La semaine passée, l’annulation du déplacement de la Grande-Duchesse à Londres pour la conférence-phare Preventing Sexual Violence in Conflict Initiative (PSVI) a attiré l’attention. Un court message publié quelques heures le dimanche sur le compte Instagram de la Maison du Grand-Duc justifiait le renoncement par « des raisons familiales ». Or, Maria Teresa, 66 ans, était descendue de l’avion avant son décollage à Paris. La cause ? Peut-être la phobie des transports aériens de l’épouse du chef de l’État. Elle avait été révélée en 2015 par Chantal Selva, sa conseillère privée. Un autre ancien collaborateur de la Grande-Duchesse indique toutefois au Land que la phobie de l’avion de la Grande-Duchesse « dépend de ce qui l’attend à l’arrivée ». Visite d’État en Chine ou au Japon, non. Voyages en Afrique ou à Cuba (où les motivations sont plus personnelles), oui. À Londres, la semaine dernière, Maria Teresa a annulé sa participation à la PSVI où elle devait accompagner Jean Asselborn. Le ministre socialiste des Affaires étrangères avait expliqué (d’Land, 3.12.2022) que Maria Teresa était invitée au titre de présidente de Stand Speak Rise Up!, association qu’elle a fondée à la suite du forum (« mon » forum, dit-elle chez Sud Radio la semaine passée) organisé en 2019 pour soutenir les survivantes de viols de guerre. Paul Dühr a parlé de « mission officielle ». La Grande-Duchesse devait rejoindre le 29 novembre les VIP féminines de la lutte au palais de Buckingham. L’hôte, la reine consort Camilla, a notamment posé aux côtés de la reine Mathilde de Belgique, de la reine Rania de Jordanie ou encore d’Olena Zelenska, épouse du président ukrainien. Manque Maria-Teresa sur la photo.
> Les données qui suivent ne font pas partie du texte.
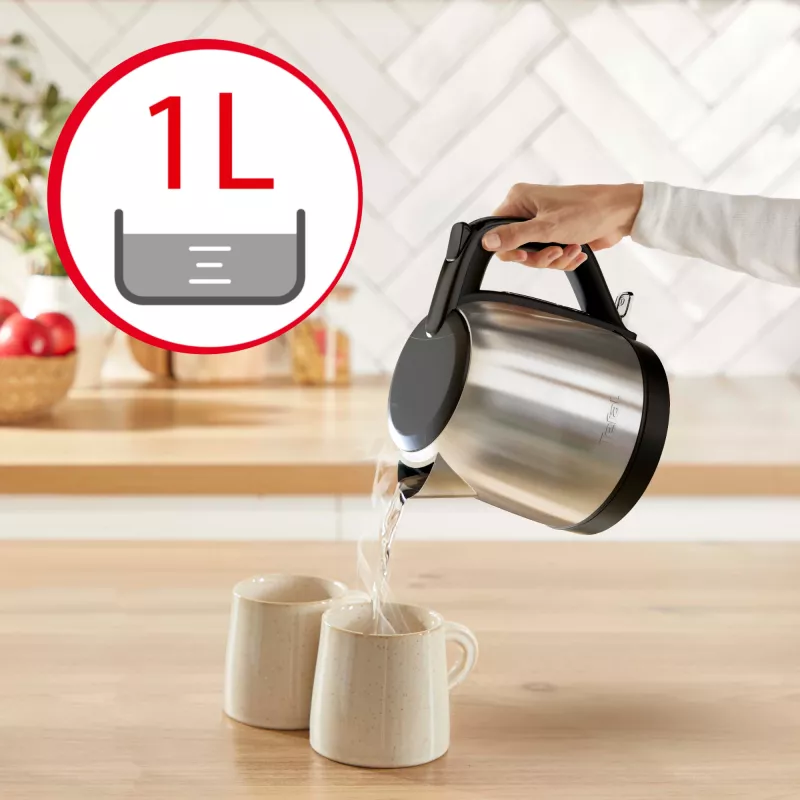 Tefal Subito Mini KO5S2DE0 waterkoker 1 l 2400 W zwart, roestvrij staal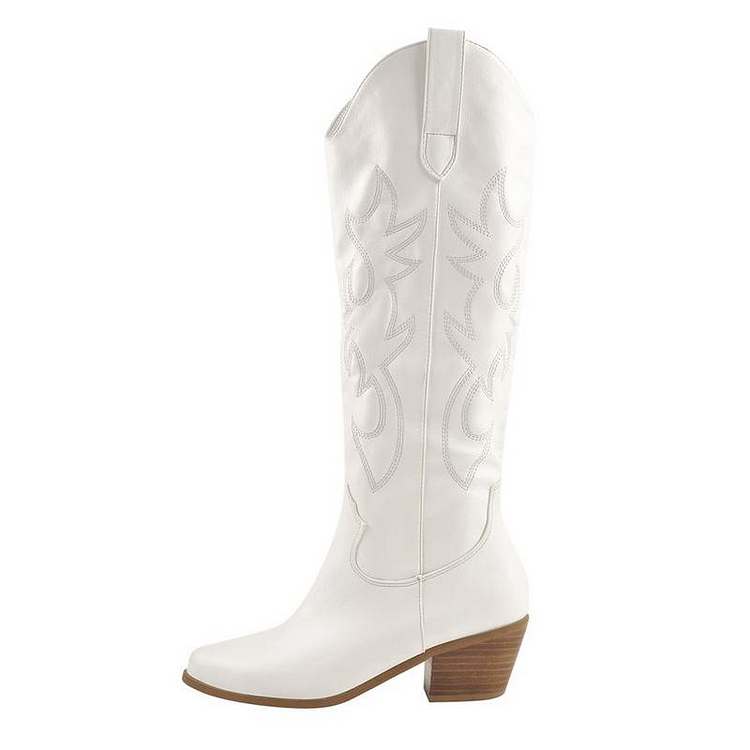 White Embroidery Wooden Heel Western Boots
Une chape de silence se pose à nouveau sur Berg et le Palais. Plusieurs collaborateurs expliquent ne pas parler pour épargner Henri et par crainte de représailles. Jacques Flies réaffirme « la volonté du Premier ministre » de faire appliquer les préconisations du rapport Waringo de janvier 2020. « Il faut que les collaborateurs se sentent de nouveau à l’aise, qu’ils n’aient plus peur d’être réaffectés à un autre poste ou d’être licenciés. Il faut réformer le fonctionnement de notre monarchie sur ce point essentiel », avait-il écrit. La réforme de la monarchie est l’un des succès de la mandature de Xavier Bettel. Ce revirement menace d’ébranler l’accomplissement et de polluer la course du libéral vers son troisième mandat.
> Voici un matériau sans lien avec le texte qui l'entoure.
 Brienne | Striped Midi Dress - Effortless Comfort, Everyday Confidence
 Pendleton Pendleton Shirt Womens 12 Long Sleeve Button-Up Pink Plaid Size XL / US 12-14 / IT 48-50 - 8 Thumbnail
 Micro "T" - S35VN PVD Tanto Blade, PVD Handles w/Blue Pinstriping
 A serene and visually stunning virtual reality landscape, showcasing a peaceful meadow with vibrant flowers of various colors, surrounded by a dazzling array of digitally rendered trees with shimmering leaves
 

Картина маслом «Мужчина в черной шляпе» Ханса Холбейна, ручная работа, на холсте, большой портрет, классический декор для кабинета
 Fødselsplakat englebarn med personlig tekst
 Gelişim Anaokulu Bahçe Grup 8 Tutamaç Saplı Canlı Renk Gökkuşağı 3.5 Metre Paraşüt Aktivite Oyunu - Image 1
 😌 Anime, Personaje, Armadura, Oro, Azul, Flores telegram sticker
Ce nouvel épisode rouvre aussi le débat sur la succession. Lorsque la Grande-Duchesse a été mise en cause en marge de la publication du rapport Waringo, le Grand-Duc avait renouvelé son engagement pour la nation, mais il avait du même coup laissé entendre que la question du départ s’était posée : « Nous allons continuer à vous servir, à être là pour vous et pour le Luxembourg. » Un calendrier était aussi dessiné à gros trait alors que le couple héritier commençait « une vie de famille » : « Il est impératif pour nous en tant que parents de leur permettre de profiter de ces belles années en tant qu’héritiers. » Le prince Charles est né le 10 mai 2020. Son petit frère ou sa petite sœur est attendu(e) en avril.